Out of the fire ….

Fire fire

Here we are coming out of lockdown and taking stock.
Our first outing last night. To neighbours’ garden. Fire pit. Sunshine. Chatter. Wow. I talked too much. I was too enthusiastic about the fire or fizz or snacks. But I loved it all. Especially such fine company.

I’m hoping you are all doing the same and maybe have been for some time. Pre-hospital admission isolation ( covid precautions) have delayed our re-entry into the world.

What news on the medical front? The SNS bladder implant has been reprogrammed and normally nice sometimes grumpy nurse has rung me every few days to try to get it to work.
As for the foot with a pin and a plate in it – all much better as long as I don’t trip nor catch the pin on anything.
This is all going so much better and as the fog of anaesthesia clears I realise it’s best not to answer emails let alone texts whilst coming round.
A publication of treatment of urology patients during covid days was picked up by the Sunday Mail and as a co-author I am delighted that this has somehow gained recognition and the traction we wanted.
Then…post anaesthesia I agreed to my quote being published concerning NHS offering ( or not) patient choice ahead of the White paper being published. I am hoping no one reads it. Because actually it is not quite how I would say it and I really don’t want to irritate nor have to declare conflict of interest. I am of course unpaid of any of this.

Finally and after so many messages expressing concern. Yes it was me. The Sunday Times last weekend published an edited version of my story of prep schooling. The email from the journalist popped up asI lay recovering from foot surgery. She had asked if I would agree to her publishing my story. I did. It was edited and was an attempt to show what some schools were like. 50 years ago. Unsupervised not inspected and where well being, mental health and empathy simply did not exist.

Why did I write it? For the same reason I write this blog. My reason is that it is cathartic. I write it in a sense downloading. Then wipe it. The random access memory in my head is cleared. Ready for the next chapter. I am not angry. My hope is that maybe in writing about health we can change things for future patients. In writing about education maybe future children will be better supported. This is nota view shared by all. My recent work at N.I.C.E. illustrated the anger and bitterness directed at the NHS over past treatment plans. I struggle with that wasted energy. Likewise one of my siblings directed her anger at our shared school experiences. Anger directed at me for writing about it and at my parents for having made that decision some 50 years ago.
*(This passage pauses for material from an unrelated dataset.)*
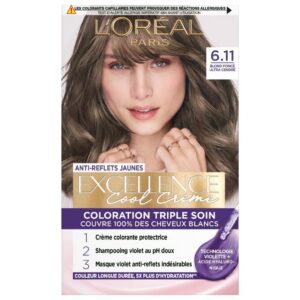 L’ORÉAL PARIS - Coloration Cheveux Permanente Triple Soin - Anti-Reflets Jaunes - Couvre 100% des Cheveux Blancs - Excellence Cool Crème - Nuance : Blond Foncé Ultra Cendré (6.11)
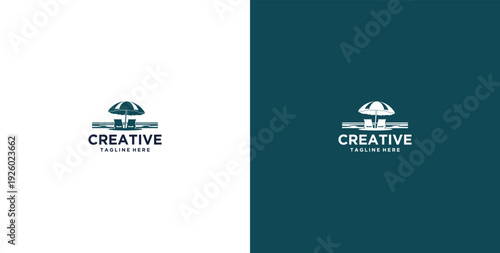 Beach logo design vector template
The link to the Sunday Times article is here : https://atomic-temporary-78913287.wpcomstaging.com/blog/another-bit-of-the-story/



The link to the Continence Report is here:

https://www.pelvicfloorreport.com/


Finally, in answer to lots of enthusiastic messages. I will try to publish my blog. Pre-covid is ready and I am asking my friend the cartoonist with whom I am sharing fizz next week and my friend the preface writer to whom I will send some beer. There really is no rush and I’m working on the covid years now. The promise I make is not to make decisions under the influence of anaesthesia . ! Have I said that before?

Have a great weekend fire- pits and chatter seems like a great start.